ReutersDecember 12, 20211:01 PM MSTLast Updated a day ago
MOSCOW, Dec 12 (Reuters) – Russia is the global leader in hypersonic missiles and, by the time other countries catch up, is likely to have developed technology to counteract these new weapons, President Vladimir Putin said.
Russia and the United States have an approximate parity when if comes to the number of warheads and their carriers, Putin said in comments aired on Sunday as part of a documentary film called “Russia. New History”.
“But in our advanced developments, we are definitely the leaders,” Putin said, adding that Russia is also No. 1 in the world by the scale of upgrades of its traditional weapons.
“When they get this weapon, it is highly likely will have means to fight this weapon.”
Some Western experts have questioned how advanced Russia’s new generation of weapons is, while recognising that the combination of speed, manoeuvrability and altitude of hypersonic missiles makes them difficult to track and intercept.
They travel at more than five times the speed of sound in the upper atmosphere, or about 6,200 km per hour (3,850 mph). This is slower than an intercontinental ballistic missile, but the shape of a hypersonic glide vehicle allows it to manoeuvre toward a target or away from defences.

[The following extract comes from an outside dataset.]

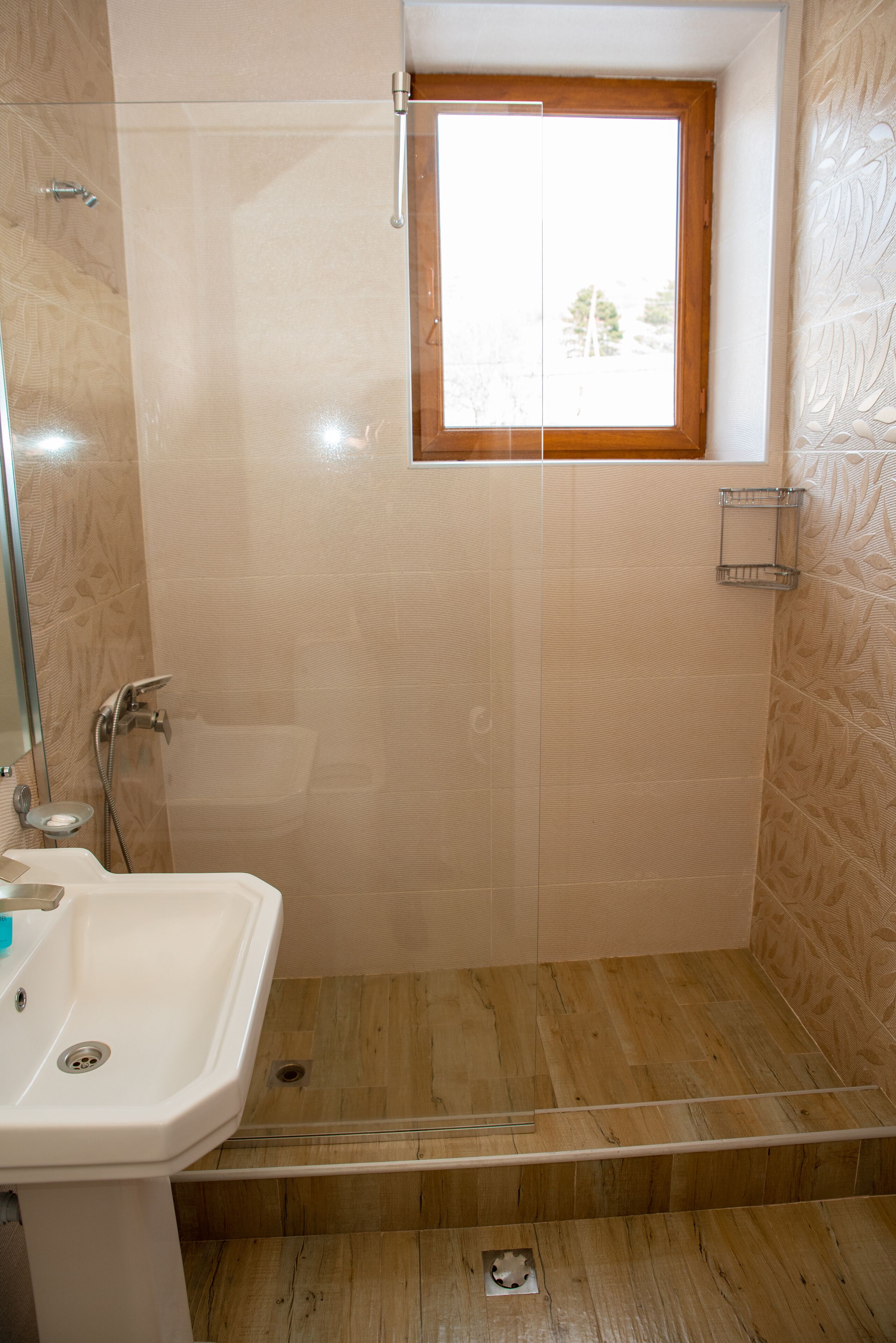 Un baño con cabina de ducha de vidrio, suelo de madera, lavamanos blanco y una ventana pequeña.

Moscow’s military spending is much lower than that of Washington. Russia channelled $62 billion on military expenditures in 2020 versus $778 billion spent by the United States, according to the World Bank data.
U.S. Air Force Secretary Frank Kendall told Reuters last month that the United States and China were engaged in an arms race to develop the most lethal hypersonic weapons.
In October, the top U.S. military officer, General Mark Milley, confirmed a Chinese hypersonic weapons test that military experts say appears to show Beijing’s pursuit of an Earth-orbiting system designed to evade American missile defences.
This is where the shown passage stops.